Personal information
- Born: March 1, 1999 (age 27) Long Beach, California, U.S.
- Listed height: 6 ft 6 in (1.98 m)
- Listed weight: 215 lb (98 kg)

Career information
- High school: Bishop Gorman (Las Vegas, Nevada)
- College: USC (2017–2019); TCU (2020–2024);
- NBA draft: 2024: undrafted
- Playing career: 2024–present

Career history
- 2024–2025: Nitra Blue Wings
- 2025–2026: Budapesti Honvéd SE

Career highlights
- McDonald's All-American (2017);

= Chuck O'Bannon Jr. =

American basketball player (born 1999)

Charles Edward O'Bannon Jr. (born March 1, 1999) is an American professional basketball player who most recently played for Budapesti Honvéd SE of the Nemzeti Bajnokság I/A. He played college basketball for the TCU Horned Frogs and the USC Trojans.

==Early life==
O'Bannon was born to Valencia and Charles O'Bannon, who was playing professional basketball. O'Bannon lived in Japan from ages 2 to 14 with his parents while his father was playing there.

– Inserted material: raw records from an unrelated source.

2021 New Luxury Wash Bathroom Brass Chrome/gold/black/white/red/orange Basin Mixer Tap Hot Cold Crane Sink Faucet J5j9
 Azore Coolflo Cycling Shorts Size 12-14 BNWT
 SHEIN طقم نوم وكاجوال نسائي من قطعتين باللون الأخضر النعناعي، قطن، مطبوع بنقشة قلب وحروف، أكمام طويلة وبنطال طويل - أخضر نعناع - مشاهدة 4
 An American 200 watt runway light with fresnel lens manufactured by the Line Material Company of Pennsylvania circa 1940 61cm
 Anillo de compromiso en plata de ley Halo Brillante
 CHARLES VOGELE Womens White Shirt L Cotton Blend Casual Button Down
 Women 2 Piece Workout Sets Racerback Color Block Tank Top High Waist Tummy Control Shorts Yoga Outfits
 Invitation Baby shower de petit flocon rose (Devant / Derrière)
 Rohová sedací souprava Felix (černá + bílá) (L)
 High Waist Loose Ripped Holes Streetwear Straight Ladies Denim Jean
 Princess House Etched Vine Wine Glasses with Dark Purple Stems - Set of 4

O'Bannon attended Bishop Gorman High School in Las Vegas, Nevada. He averaged 21.4 points as a senior at Bishop Gorman. In December 2016, he committed to the USC Trojans. He chose USC over UNLV, NC State, and UCLA. He was named a McDonald's All-American.

==College career==
O'Bannon was the first McDonald's All-American to join USC since DeMar DeRozan in 2008. He struggled with injuries during his two and a half seasons with the Trojans. After suffering an injury to his left pinky finger that required surgery, he redshirted the 2018-19 season. O'Bannon injured his middle finger early in the following season and played three games. He played a total of 18 games at USC and averaged 1.8 points and 0.8 rebounds per game. In January 2020, O'Bannon transferred to TCU and was later granted a waiver for immediate eligibility.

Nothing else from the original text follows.